Well damn it Microsoft, I have full administrative rights, I had to
jump through hoops to get to this screen and then you tell me I can't
change anything on some files. Still worse, it just starts up again
and continues down the list stopping several more times refussing
access. Oh, that was fun. Now something is my stack of 50,000 plus
files, several at least Vista has decided that I even as administrator
don't have permission to access them. Way to go Microsoft!
Welcome to Microsoft's idea of "security". You the owner get blocked
from accessing your own files, not all of them, some. Grrrr!
I'm not done, not by a long shot...
I decide to test this so-called security. I point my newsreader to a
graphics newsgroup. I first look at my E drive. According to Vista I
don't have permission to write to this drive either if I look on the
security tab for this hard drive. Ok, fine. I'll leave it that way.
Now I select 50 image files from that graphic newsgroup. I download
them to drive E. To "save" a file, Vista needs to have write
permission. Writing permission is the most dangerous to give for
obvious reasons. Remeber I DID NOT give permission and before I
started Vista told me I don't have write permission for dive E. I
guess it, (Vista) always has permission to do any mischief it wants.
Remember it just said I don't have write permission so you would
assume it could not write to my E drive and surely I could not access
these files. After all, isn't that the point of adding security?
Anybody surprised that Vista did both? Not only did Vista write the 50
graphic files to the E drive that should have been "locked", (remember
it said I don't have permission and I used my user name to download
the files, yet it now lets me view them, copy or move them, remember I
don't have permission to access the drive according to Vista.
Worse yet...
I fire up Bounce Back which is my automated backup software.
Originally Vista said it didn't like its driver, well that was just
another lie, it works fine.

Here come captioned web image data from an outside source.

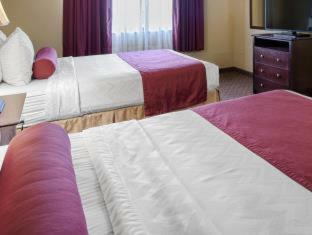 Hotel Best Western Plus Mansfield Inn And Suites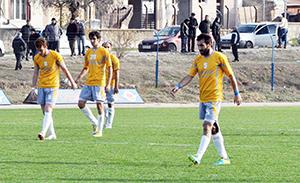 Son dakikada gelen yıkım 2-2 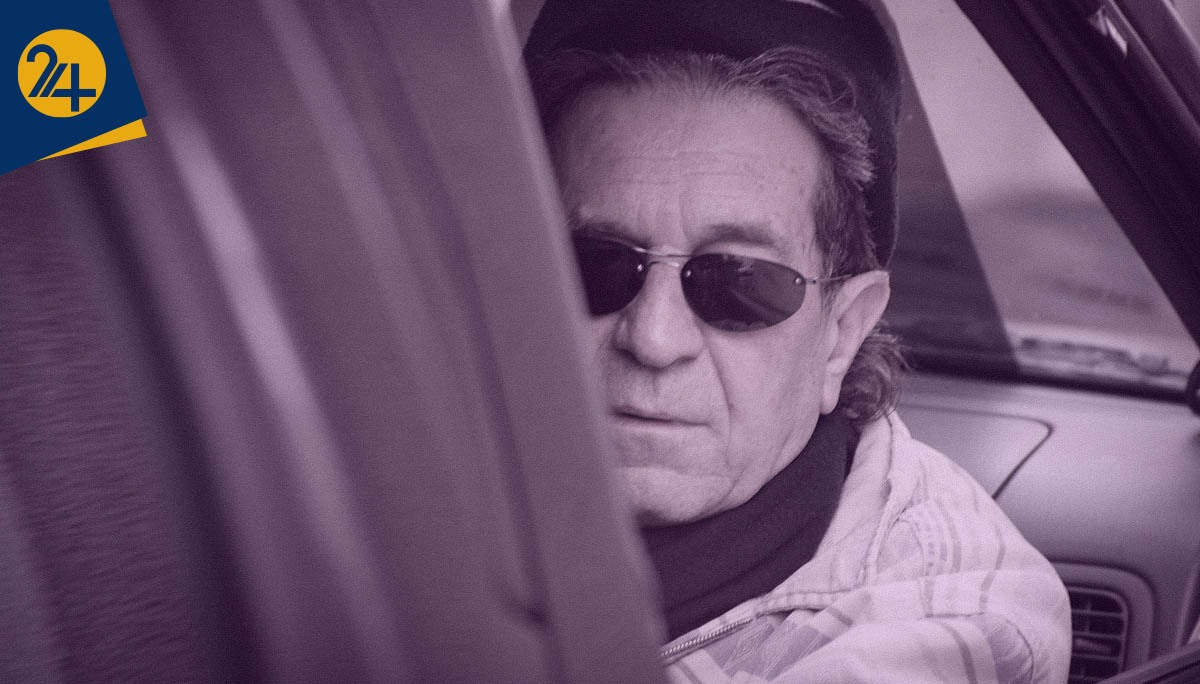 داریوش مهرجویی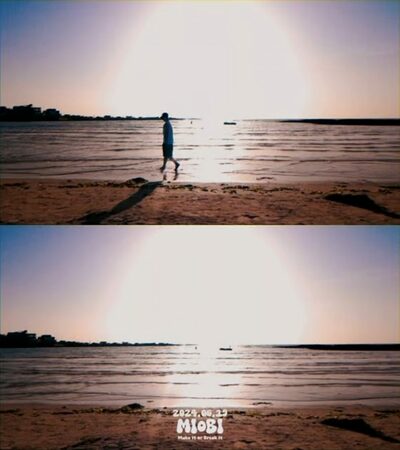 BTOBのプニエル、新曲「MIoBI」MVティーザー公開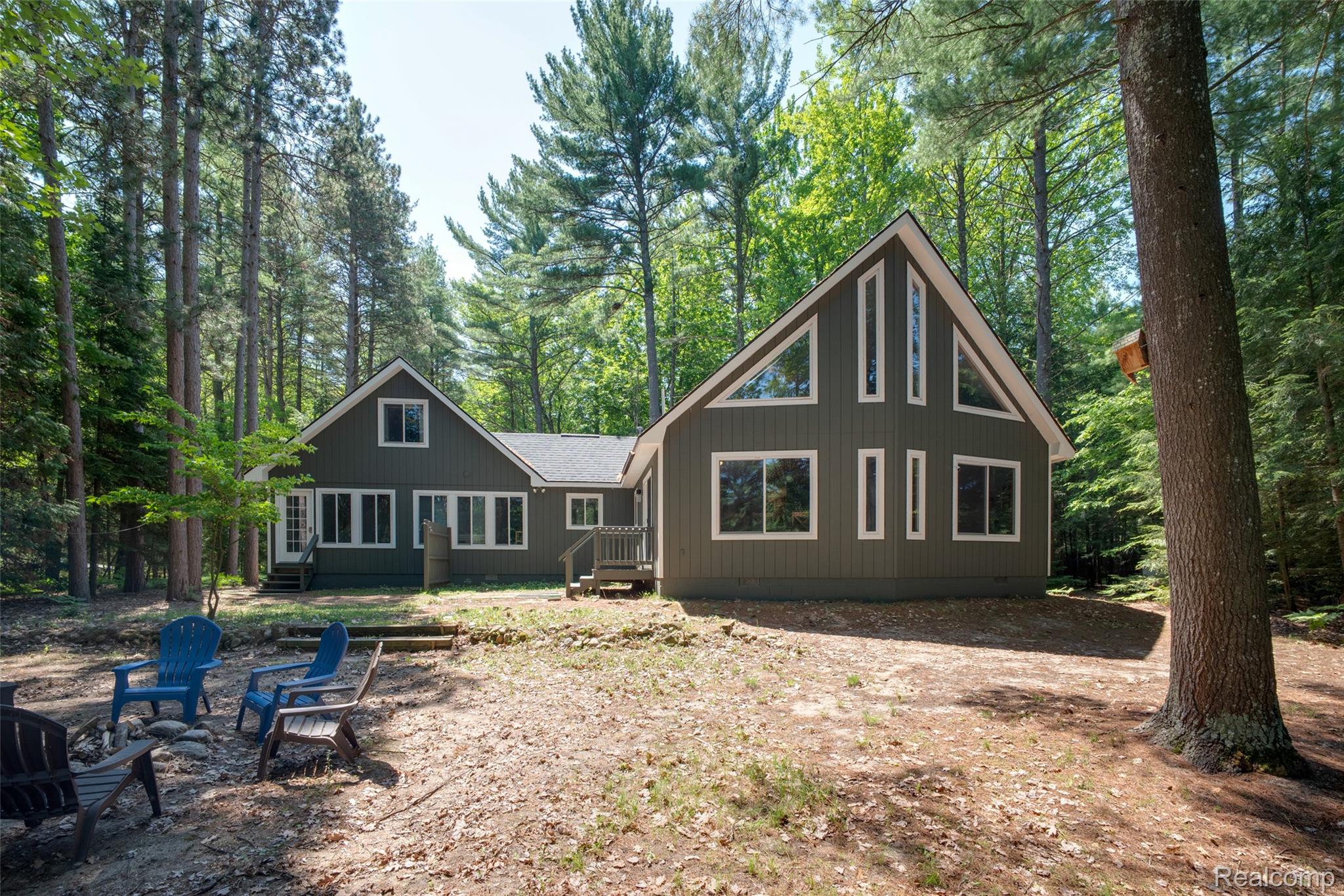 6954 AARWOOD Trail NW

And surprise, it can scan every drive I
have hundreds upon hundreds of GB's of files and then compiled a list
of files I have yet to backup.
OK, reading files is one thing. Will Vista allow Bounce Back to write
to drives it says are "locked" for security reasons? What do you
think?
Sure it can. And proceeds to do a normal backup of a couple thousand
files that span all my drives.
I'll defer to some MVP to "explain" this odd behavior. I'm listening,
but hurry up, I got to find the asprin bottle.